Always always always?

(glances over at the "gear closet")

First aid kit
Headlamp
Whistle
Map
Compass
Fleece
Rain Shell
Hat
Food & water (yup, forgot food one time; sucked)
and in my case ... camera. 

As it's cooling off, I add in my rain shell pants, a heavier fleece, a polypro long john top & bottom, and depending on the hike possibly my emergency bivy sack. Plus a second set of headlamp batteries for the earlier sunset.


----------



## MtnMagic (Sep 29, 2005)

Forgot to mention what's needed in all four seasons. T.p.
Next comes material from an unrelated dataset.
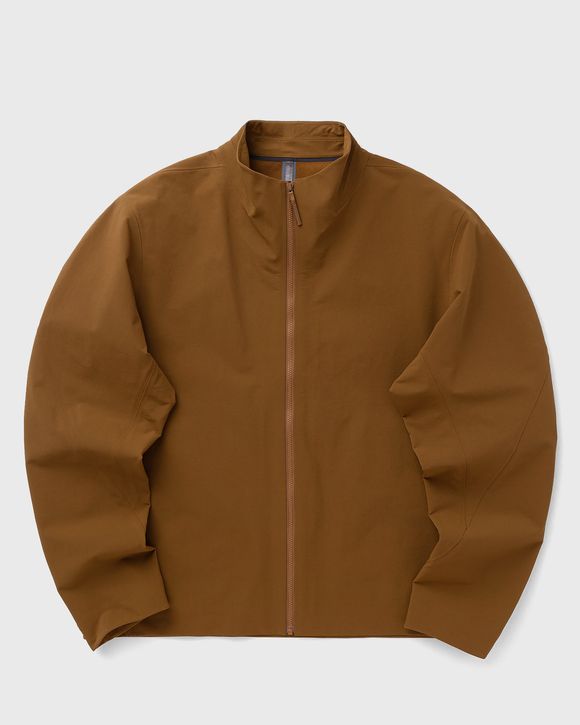 Isogon MX Jacket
A small spade to make a cat hole is a big part of LNT.


----------



## Mike P. (Sep 30, 2005)

My car keys:  (has small Buck knife & opener, LED light good in Emergency or for changing batteries in headlamp in dark & whistle)

food
water
some type of synthetic shirt (depending on season & distance that might be a T-Shirt or two Mirco fleece shirts - usually have both in car)
Except for the shortest of trips in summer (maybe Mt. Tom in MA about 1.5 RT) a rain coat
some type of Space blanket , either the small cheap space blankets or the $25 Bivy bag type
an extra strap or two
cellphone (adding this did not mean I could leave anything I would have brought home)


That would be most of what I might bring on a shorter summer hikes,  (under 10 miles, no more than two sub treeline peaks maybe an 1 above treeline not in Presi's, BSP or above 5K in ADK)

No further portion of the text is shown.